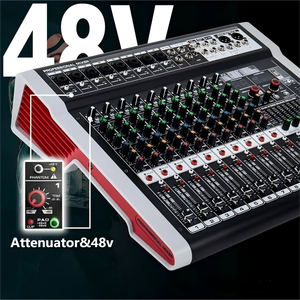 Console de mixage audio numérique professionnelle pour effets vocaux, 6/8/12/16 canaux avec suppression du bruit et prise en charge sans fil pour systèmes DJ - Product Image 6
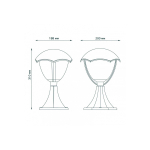 Св-к Gauss Садово-парковый Aura на постамент Max.60W E27 200*200*310мм 170-240V / 50Гц  IP54 GD029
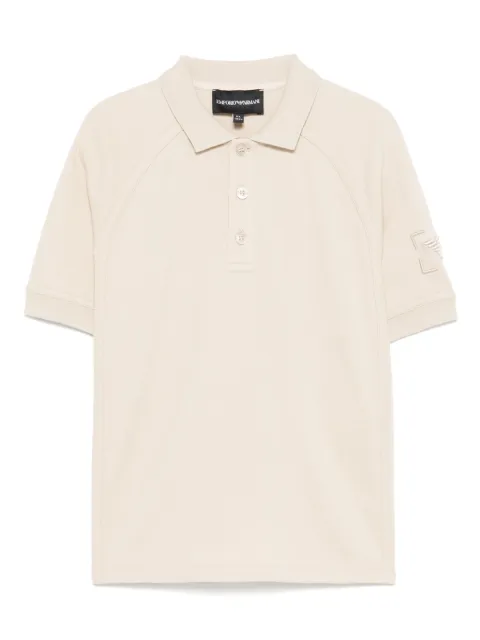 Emporio Armani Kids Camisa polo com logo bordado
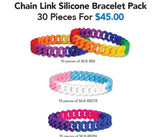 Gay Pride Chain Link Bracelet Variety Pack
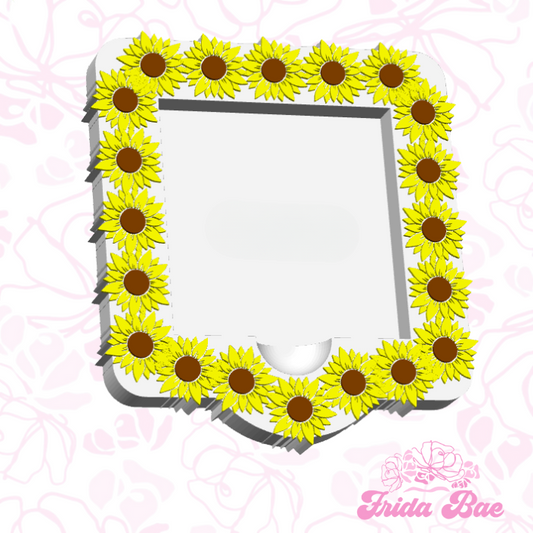 Multiple sunflower sticky note holder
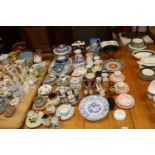A large quantity of various china to include vario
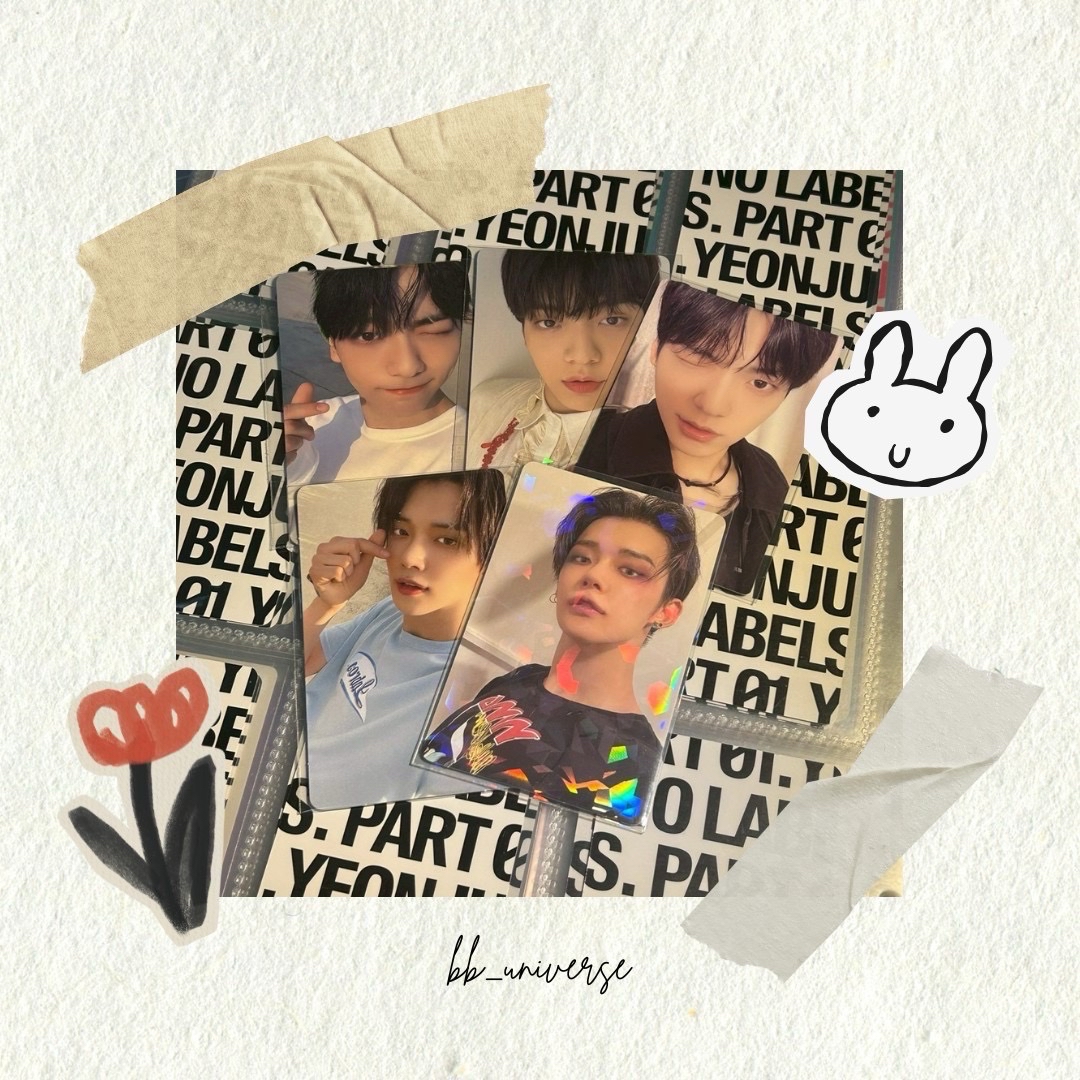 TXT YEONJUN SOOBIN 崔然竣 崔秀彬 FOE 小卡 wvs特典卡 GBGB日專小卡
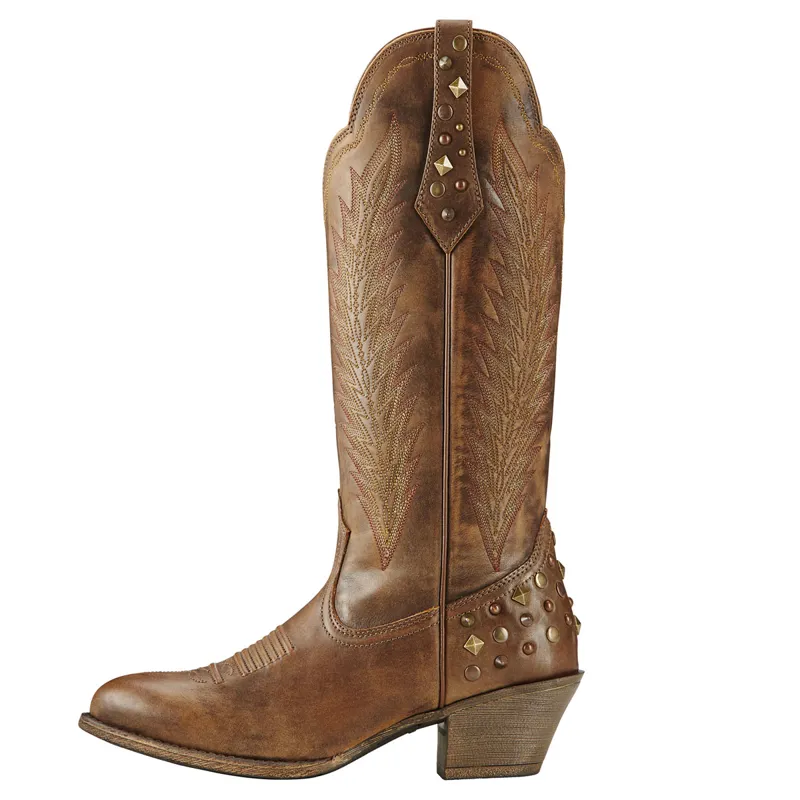 Ariat Dusty Diamond Womens Western Boot - Tawny-1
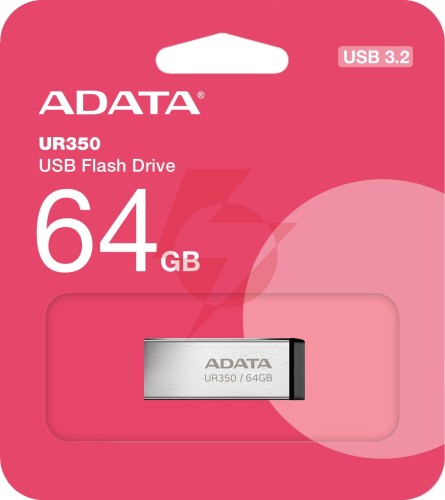 Adata pendrive ur350 64gb usb3.2 gen1 metal czarny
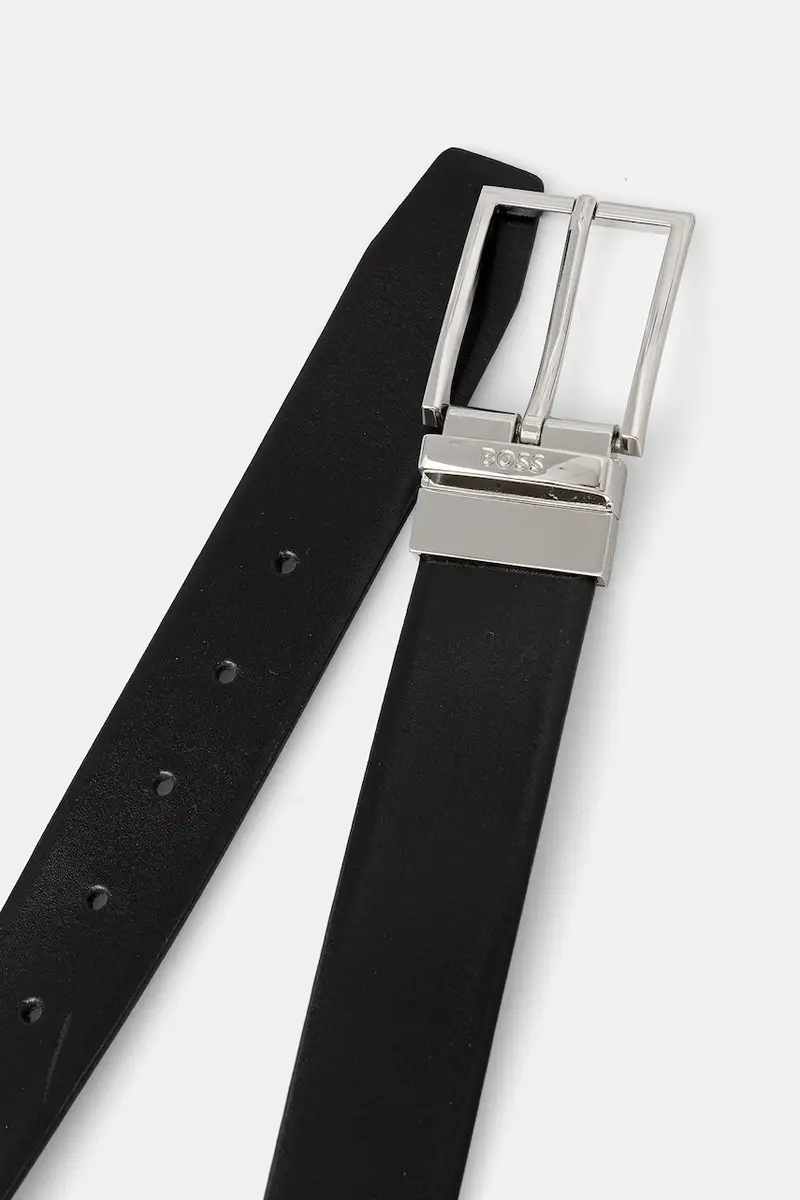 cintura in pelle bilaterale uomo colore nero 50537112 miniatura 2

::::

■ Directions ■
Which lines run from the one holding "Gay Pride Chain Link Bracelet Variety Pack" through the end of the records? Reproduce them word for word, both ends included, with no pictures.

■ Exercise output ■
 Gay Pride Chain Link Bracelet Variety Pack
 Multiple sunflower sticky note holder
A large quantity of various china to include vario
 TXT YEONJUN SOOBIN 崔然竣 崔秀彬 FOE 小卡 wvs特典卡 GBGB日專小卡
 Ariat Dusty Diamond Womens Western Boot - Tawny-1
 Adata pendrive ur350 64gb usb3.2 gen1 metal czarny
 cintura in pelle bilaterale uomo colore nero 50537112 miniatura 2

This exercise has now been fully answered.